_Work instruction:_ Among the entries, find the lines with the string "Dress" and report them.

_Dataset excerpts:_
::::

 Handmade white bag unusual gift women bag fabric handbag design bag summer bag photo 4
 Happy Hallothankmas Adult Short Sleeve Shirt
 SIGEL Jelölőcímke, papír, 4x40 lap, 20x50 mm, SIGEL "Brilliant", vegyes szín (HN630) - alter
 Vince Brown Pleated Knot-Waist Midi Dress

::::

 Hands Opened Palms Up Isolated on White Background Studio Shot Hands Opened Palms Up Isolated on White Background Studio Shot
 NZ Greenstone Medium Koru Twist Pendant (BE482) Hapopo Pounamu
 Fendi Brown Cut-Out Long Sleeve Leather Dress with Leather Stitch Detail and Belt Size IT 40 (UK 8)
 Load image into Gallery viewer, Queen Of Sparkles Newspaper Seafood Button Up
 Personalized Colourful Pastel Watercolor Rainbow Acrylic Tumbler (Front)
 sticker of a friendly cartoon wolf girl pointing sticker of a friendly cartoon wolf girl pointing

::::

_Completed exercise:_
 Vince Brown Pleated Knot-Waist Midi Dress
 Fendi Brown Cut-Out Long Sleeve Leather Dress with Leather Stitch Detail and Belt Size IT 40 (UK 8)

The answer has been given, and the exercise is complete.